----- EXERCISE MATERIALS
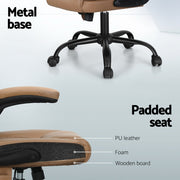 Artiss 2 Point Massage Office Chair Leather Mid Back Brown MOC-C-FZ40-2P-EP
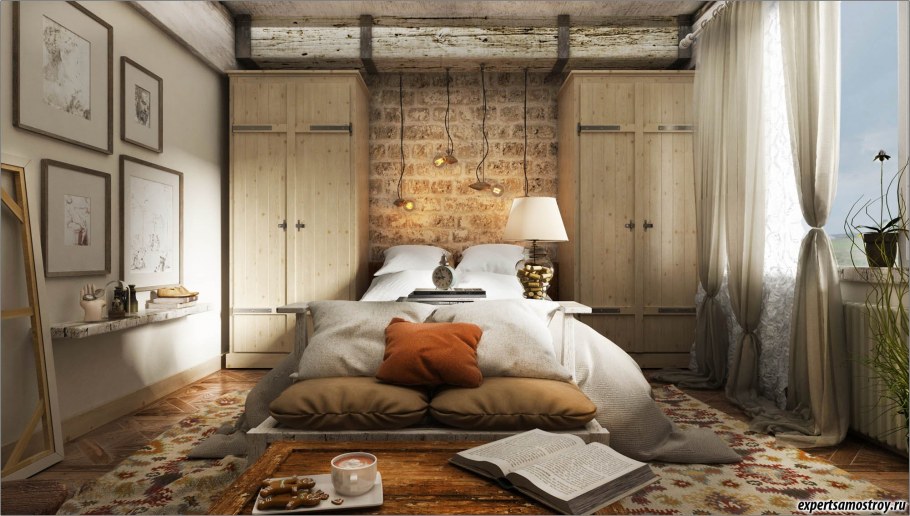 Спальня классика и лофт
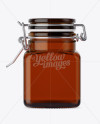 100ml Amber Glass Jam Jar w/ Clamp Lid Mockup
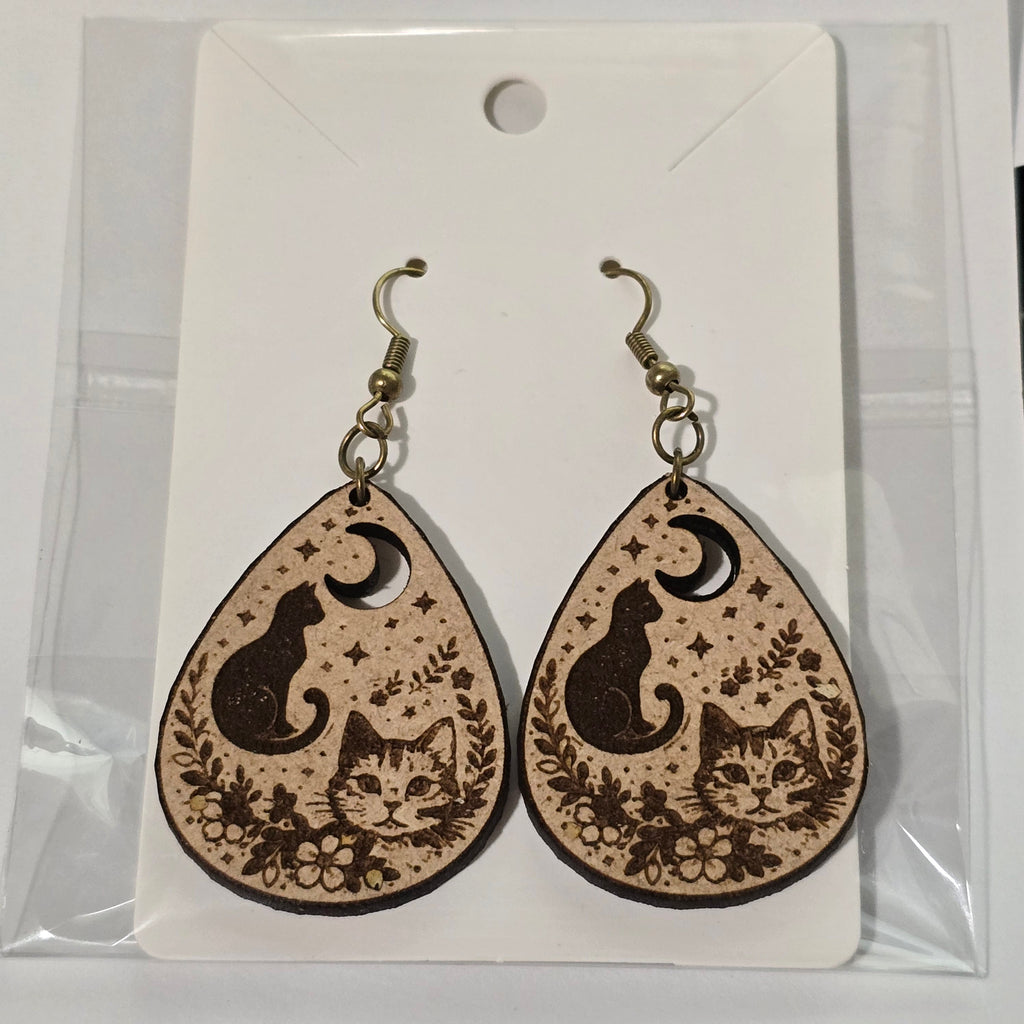 Celestial Cat Teardrop Earrings – Laser Engraved Wooden Moon & Floral Design | Lightweight Dangle Jewelry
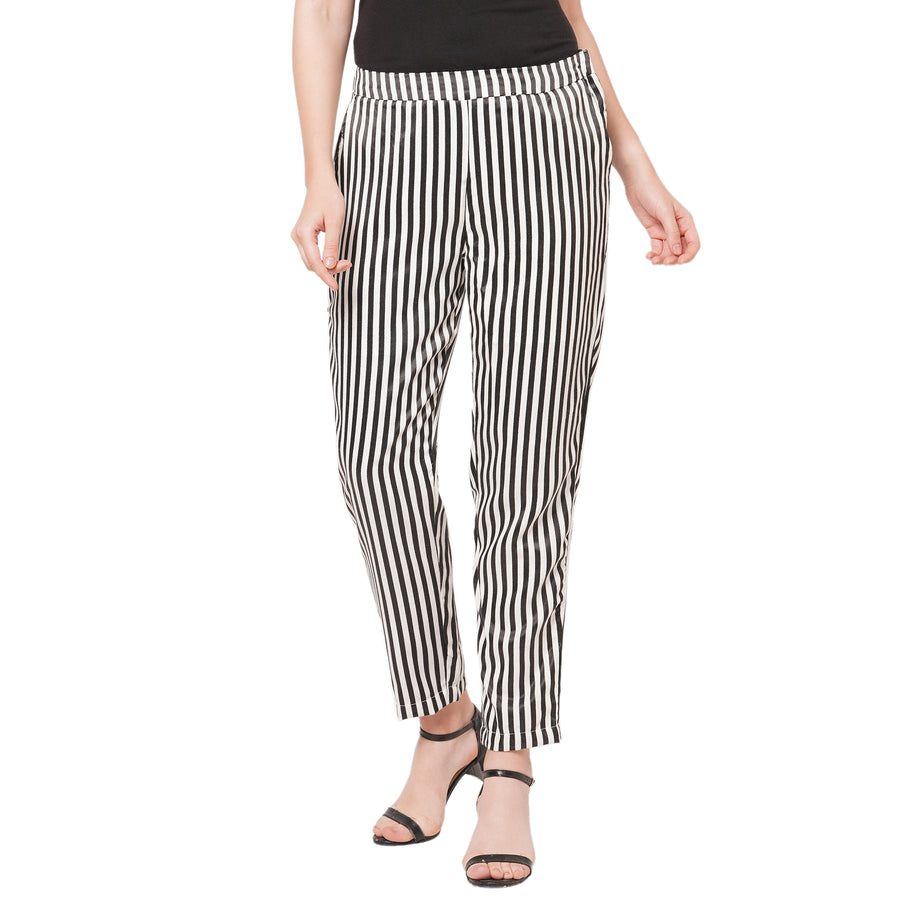 Black Striped Pant For Women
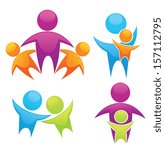 vector set of bright people, family, friends and happiness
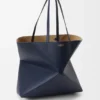 Grote horizontale Puzzle Fold-tote bag van zacht generfd kalfsleer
----------
_WHAT NEEDS TO BE DONE_. Give the records again without a single change, and exclude the pictures.

_WRITTEN SOLUTION_.
 Artiss 2 Point Massage Office Chair Leather Mid Back Brown MOC-C-FZ40-2P-EP
 Спальня классика и лофт
 100ml Amber Glass Jam Jar w/ Clamp Lid Mockup
 Celestial Cat Teardrop Earrings – Laser Engraved Wooden Moon & Floral Design | Lightweight Dangle Jewelry
 Black Striped Pant For Women
 vector set of bright people, family, friends and happiness
 Grote horizontale Puzzle Fold-tote bag van zacht generfd kalfsleer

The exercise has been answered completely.